## What you have to do
What is wanted is the full listing, word for word, without its pictures.

Segment Open

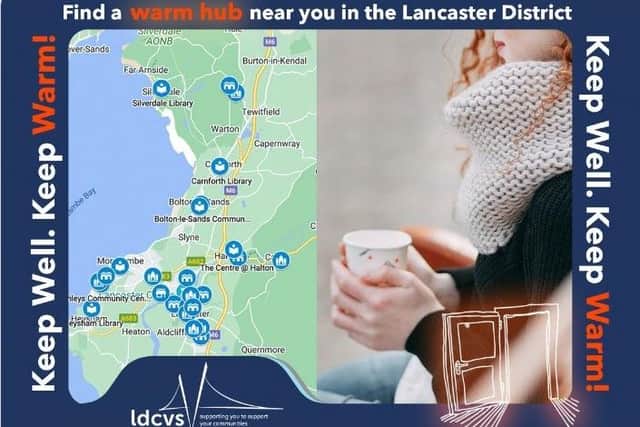 Look at Lancaster City Council map to find warm hubs in the Lancaster district.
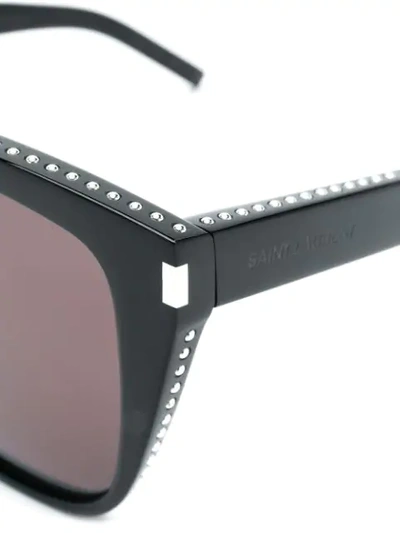 Shop Saint Laurent Rhinestone Embellished Sunglasses In Black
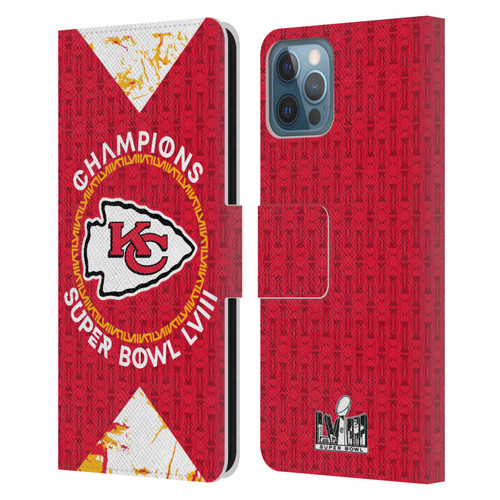 NFL 2024 Super Bowl LVIII Champions Kansas City Chiefs Patterns Leather Book Wallet Case Cover For Apple iPhone 12 / iPhone 12 Pro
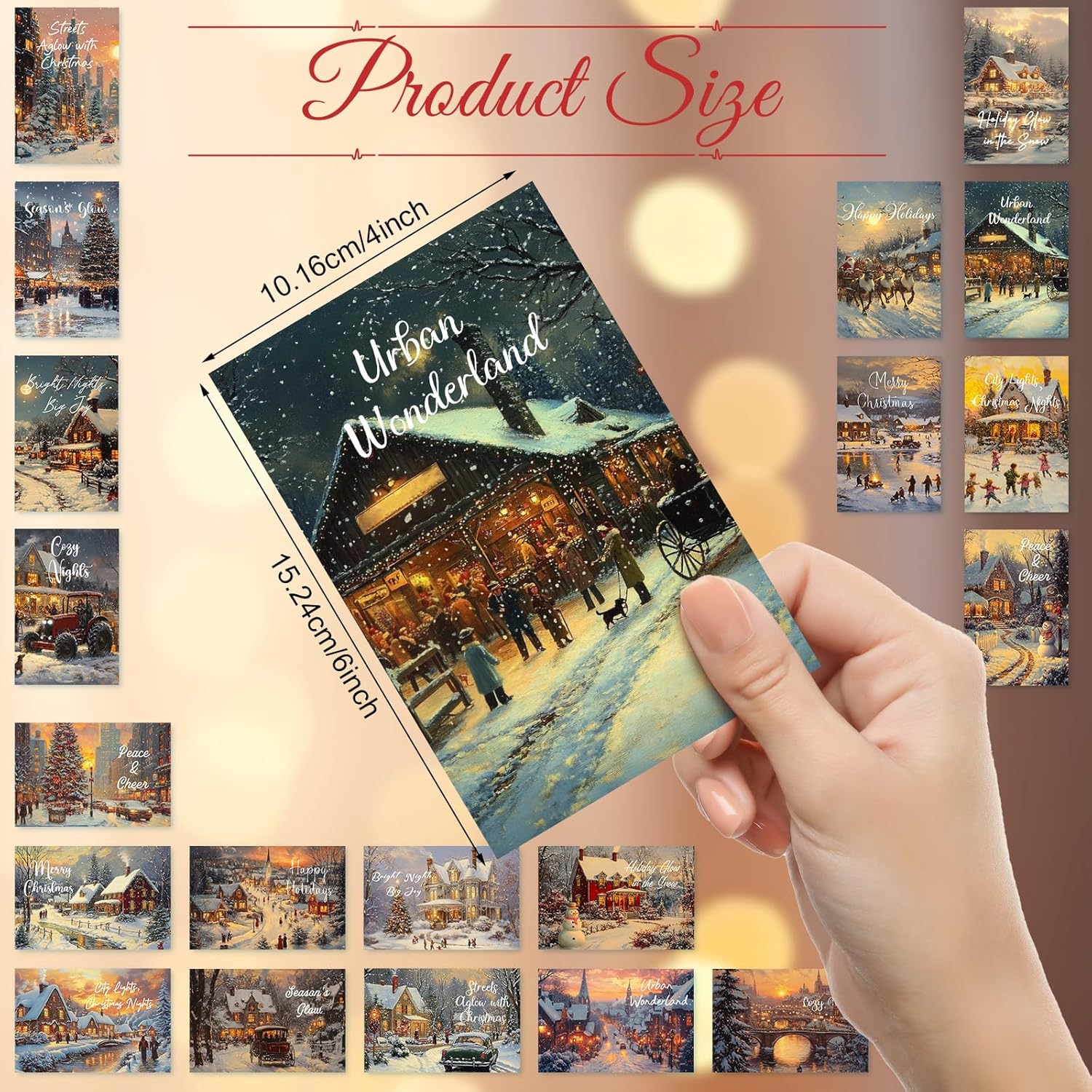 Nuanchu 80 Pcs Vintage Christmas Cards Bulk 4 x 6 Inch City Snow Scene Postcards Retro Winter Blank Greeting Cards for Xmas Holiday Party Home Friends Family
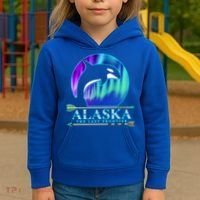 Alaska State Pride Alaska Northern Lights Alaskan Orca Whale Kids Hoodie thumb 3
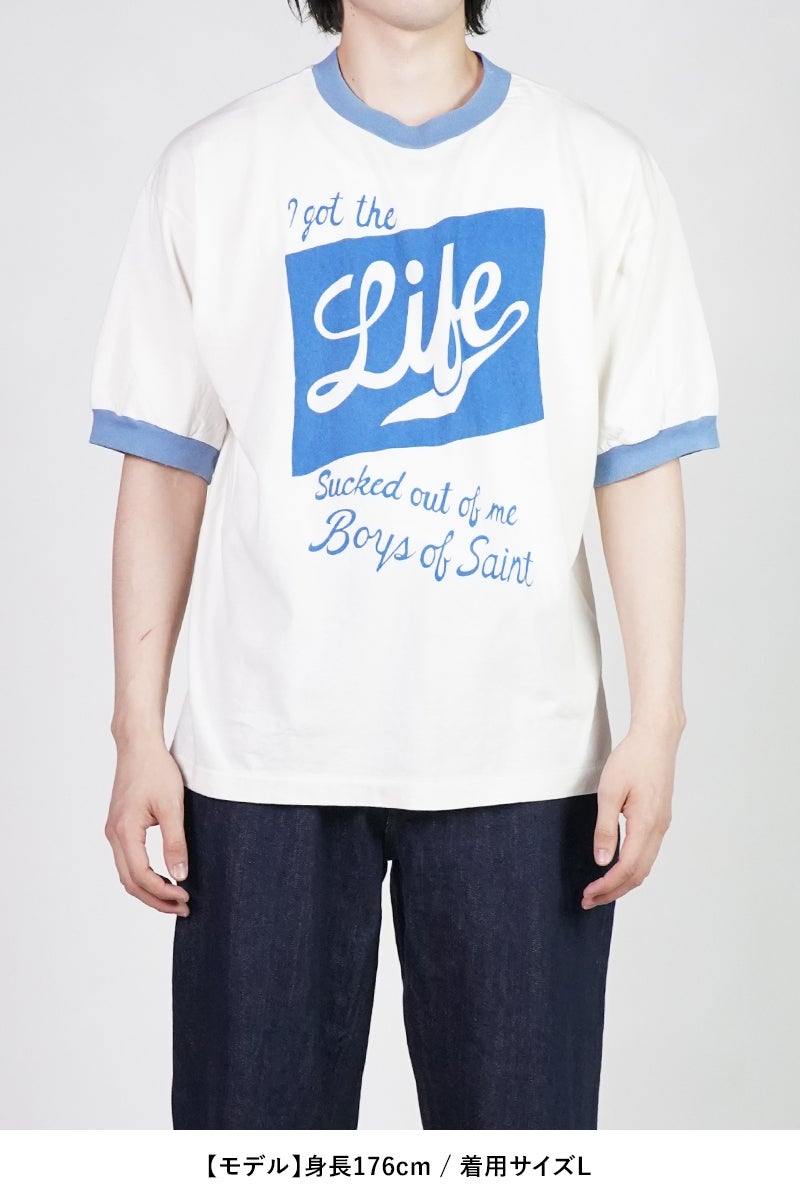 SAINT Mxxxxxx(セントマイケル) SM-MK8-0000-C16 / BOS_SS T-SHIRT / RINGER TEE / WHITE リンガーTシャツ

Segment Closed

## Result below
 Look at Lancaster City Council map to find warm hubs in the Lancaster district.
 Shop Saint Laurent Rhinestone Embellished Sunglasses In Black
 NFL 2024 Super Bowl LVIII Champions Kansas City Chiefs Patterns Leather Book Wallet Case Cover For Apple iPhone 12 / iPhone 12 Pro
 Nuanchu 80 Pcs Vintage Christmas Cards Bulk 4 x 6 Inch City Snow Scene Postcards Retro Winter Blank Greeting Cards for Xmas Holiday Party Home Friends Family
 Alaska State Pride Alaska Northern Lights Alaskan Orca Whale Kids Hoodie thumb 3
 SAINT Mxxxxxx(セントマイケル) SM-MK8-0000-C16 / BOS_SS T-SHIRT / RINGER TEE / WHITE リンガーTシャツ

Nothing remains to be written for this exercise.